Demi mencegah subsidi yang salah sasaran, pemerintah berencana akan membatasi kendaraan yang diizinkan untuk mengonsumsi Pertalite berdasarkan kapasitas mesinnya. Nah rencananya nanti, kendaraan bermesin di atas 1.400 cc tak boleh diisi Pertalite.
Sekilas kebijakan ini bermaksud baik, agar subsidi tepat sasaran. Oke masuk akal, sampai saya melihat sebuah contoh kasus yang mungkin akan terjadi jika aturan berdasarkan kapasitas mesin ini diterapkan.
Mobil Niaga vs Mobil Mewah: Siapa yang Lebih Butuh Pertalite?
Bayangkan, mobil di atas 1.400 cc tidak boleh lagi mengonsumsi Pertalite. Padahal mobil seperti Suzuki Carry pick-up dengan harga kisaran Rp170 juta, yang umum dipakai buat angkut barang sampai antar pesanan, jadi terkena aturan ini karena kapasitas mesinnya 1462 cc.
Tapi di sisi lain, Mercedes-Benz GLA200 yang harganya kisaran Rp975 juta, lebih sering parkir di garasi rumah mewah atau buat flexing, tapi punya kapasitas mesin 1332 cc, malah boleh! Gimana, bikin heran kan?
Kebijakan ini bikin kita berpikir, bagaimana sih logikanya? Padahal kalau mau adil, mobil niaga yang sering bolak-balik dipakai untuk cari uang butuh bahan bakar terjangkau atau disubsidi.

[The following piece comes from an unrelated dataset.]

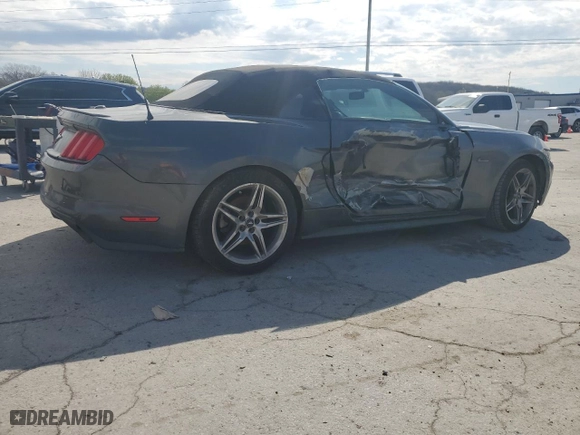 2016 Ford Mustang EcoBoost with VIN 1FATP8UH4G5296134, listed as a Copart auction lot 50766035 with NaN miles and Clean Title. Bid and sale history available at carsss.com. Image 3.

Sementara itu, Mercedes-Benz GLA200 yang masuk kategori kendaraan mewah malah masih bebas menikmati subsidi. Ironis, kan? Mereka yang sebenarnya mampu beli BBM non-subsidi, malah dapat 'hadiah'. Apa nggak salah subsidi?

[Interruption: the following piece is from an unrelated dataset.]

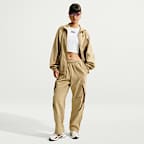 Nike Sportswear Women's Loose Mid-Rise Corduroy Tracksuit Bottoms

Mungkin kamu berpikir, "Gila kali ya, masa Mercy diisi Pertalite?". Pada kenyataannya di lapangan masih ada yang seperti itu. Pemiliknya mungkin tidak pernah isi Pertalite, tapi begitu mobilnya dibawa oleh sopirnya yang ingin mencari duit lebih, biasanya akan diisi dengan Pertalite tapi bilangnya Pertamax.
Efek ke Masyarakat
Kebijakan ini tentu bakal berdampak besar bagi pelaku usaha kecil dan menengah yang mengandalkan mobil niaga. Dengan larangan mengonsumsi Pertalite, biaya operasional tentu bakal melonjak. Mau nggak mau, mereka harus pindah ke BBM jenis lain yang lebih mahal, seperti Pertamax atau isi bensin di SPBU non-Pertamina. Usaha kecil yang marginnya tipis harus nombok lagi gara-gara harga BBM. Â
Ada Solusi Nggak?
Kalau kebijakan ini jadi dijalankan, pemerintah harus memikirkannya lebih jauh. Masa mobil yang jelas-jelas dipakai untuk usaha harus kena aturan yang sama dengan mobil mewah? Solusinya mungkin jangan cuma lihat dari kapasitas mesin, tapi juga dari harga jual dan pajaknya. Atau bisa dengan pengecualian khusus buat kendaraan niaga.
Masa iya, mobil yang harganya lima kali lebih mahal boleh mengonsumsi Pertalite, tapi yang jauh lebih murah malah tidak boleh. Masa iya, mobil yang pajaknya tidak sampai Rp20 juta tidak boleh mengonsumsi Pertalite, tapi mobil yang pajaknya di atas Rp90 juta malah boleh.